INFORMATION:

━━━━

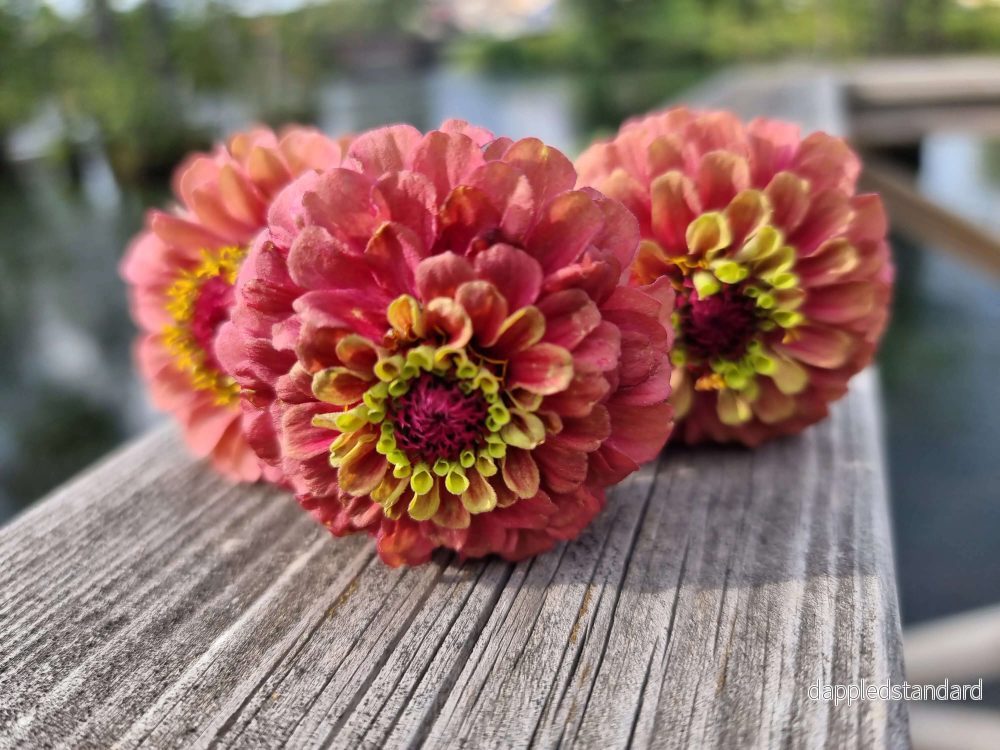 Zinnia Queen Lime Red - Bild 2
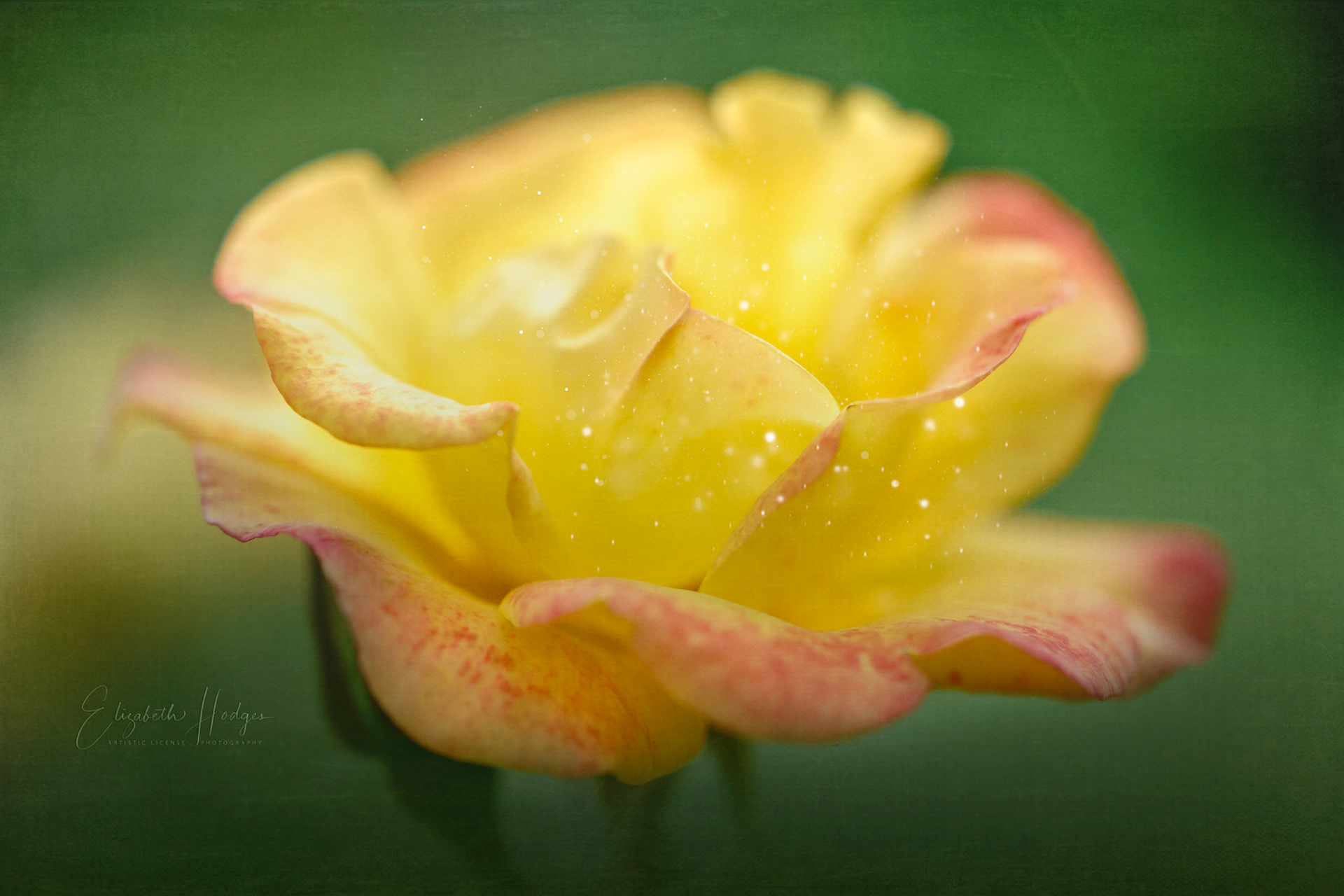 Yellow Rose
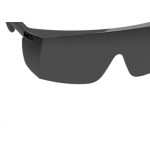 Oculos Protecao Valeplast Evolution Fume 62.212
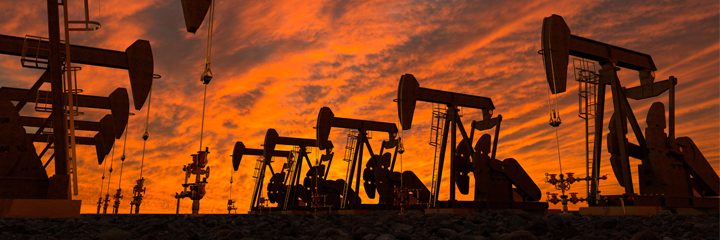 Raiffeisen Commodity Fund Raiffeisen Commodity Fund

━━━━

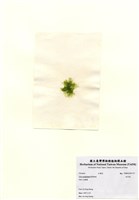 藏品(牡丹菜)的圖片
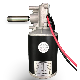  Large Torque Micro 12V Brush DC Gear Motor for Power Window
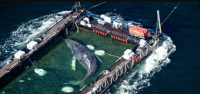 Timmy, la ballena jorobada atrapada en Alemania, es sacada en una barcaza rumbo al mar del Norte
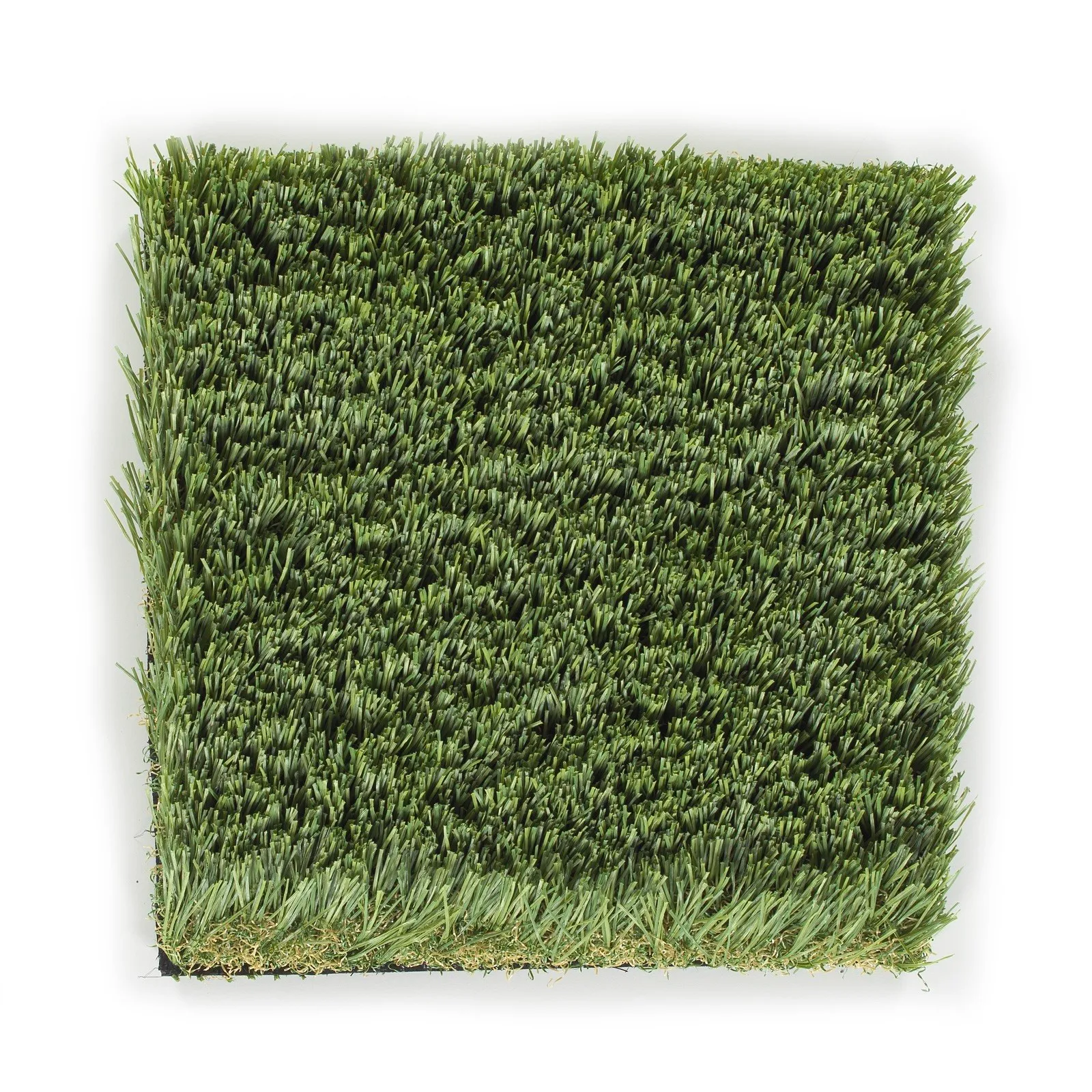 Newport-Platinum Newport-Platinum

━━━━

INSTRUCTIONS TO FOLLOW: Above are some records. Output exactly the lines from the one that contains "Oculos Protecao Valeplast" to the one that contains "Raiffeisen Commodity Fund Raiffeisen", keeping both, and omit the pictures.

ANSWER BOX:
 Oculos Protecao Valeplast Evolution Fume 62.212
 Raiffeisen Commodity Fund Raiffeisen Commodity Fund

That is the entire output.